Will stays behind and orders Chief O'Brien to save him for last (putting others before himself, just as Worf told us K'Heleyr would have done), but before Miles can get him the station disappears into the rift. A grief-stricken Worf lashes out in a blind rage refusing to believe Will is gone, and does not react at *all* well to Okona, who is ready to lay the Commander to rest and move on. Your first instinct upon seeing Worf's behaviour is naturally to be taken aback, as you'd expect him to be happy for Commander Riker to have transcended into the Great Beyond (he told Data as much in “The Next Phase” when it was Geordi, though he didn't seem to much care about Laren-Data had to remind him about her), but remember this is coming in the wake of “The Remembered One”: Worf's human side is still getting over the loss of K'Heleyr one year prior, and now he's faced with the prospect of losing someone else whom he is incredibly close with. It's all become a bit much for him to handle on his own, and Captain Okona was unfortunately the wrong person for him to meet in the wrong place at the wrong time.

(This is, by the way, the one area I might pass some criticism of this story were I inclined to: Coming so soon after The Star Lost and the last few episodes of the TV series, these themes of dealing with loss and moving on, while important and needed ones, are becoming somewhat exhausting for me. I could certainly stand to see some lighter fare at this point.) 

Will is still alive, as it happens. He finds out that the rift is a gateway to a different realm of space time where life as we know it can't exist, though it can, apparently adapt: He meets a group of beings who had fallen into the rift over the years and had their entire physiologies changed as result. They have become, in effect ghosts: Impermeable, immortal phantasms doomed to haunt this part of the universe for eternity. They hover over him constantly, always goading him to give up and accept being consigned to oblivion, claiming they were like him once and if they couldn't find a way out there must not be one. Most cuttingly, they insist his friends on the Enterprise will eventually give up on him.

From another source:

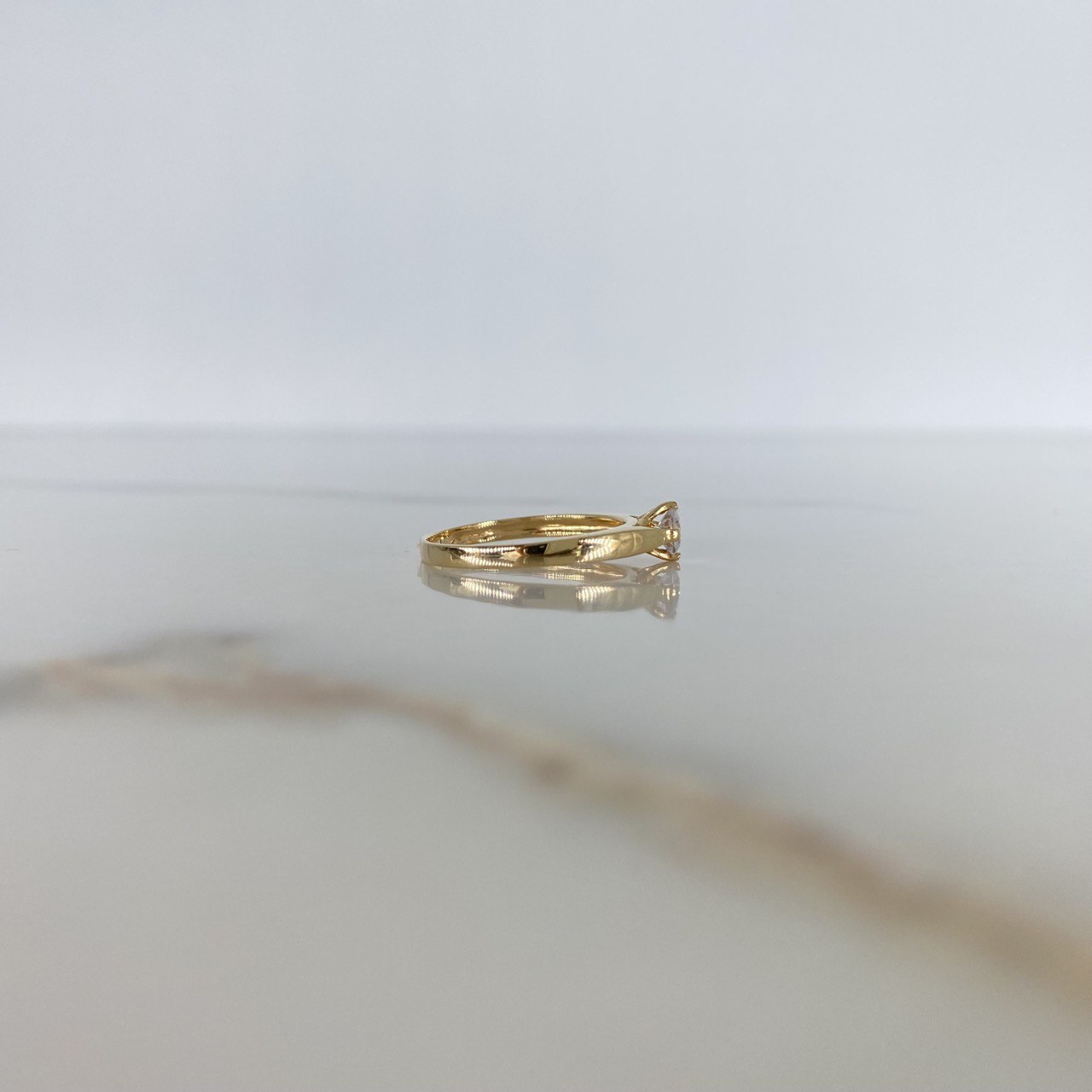 Anillo Arco 1.75gr / T6 1/2 / Solitario Circon Blanco Oro Amarillo &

The artwork also conveys the mood really well: Everything is delightfully misty, warped and obscure, and you can't tell where the characters end and the scenery begins. I would make more of a deal of the Otherworld trappings in this story except they're not as fleshed out in the way I typically like them...These are fairly straightforwardly ghosts in the Dickensian/“Catspaw” sense and there's not a ton more erudition to glean in regards to faeryland wonderfulness here.

But that's not to say the story is devoid of erudition entirely.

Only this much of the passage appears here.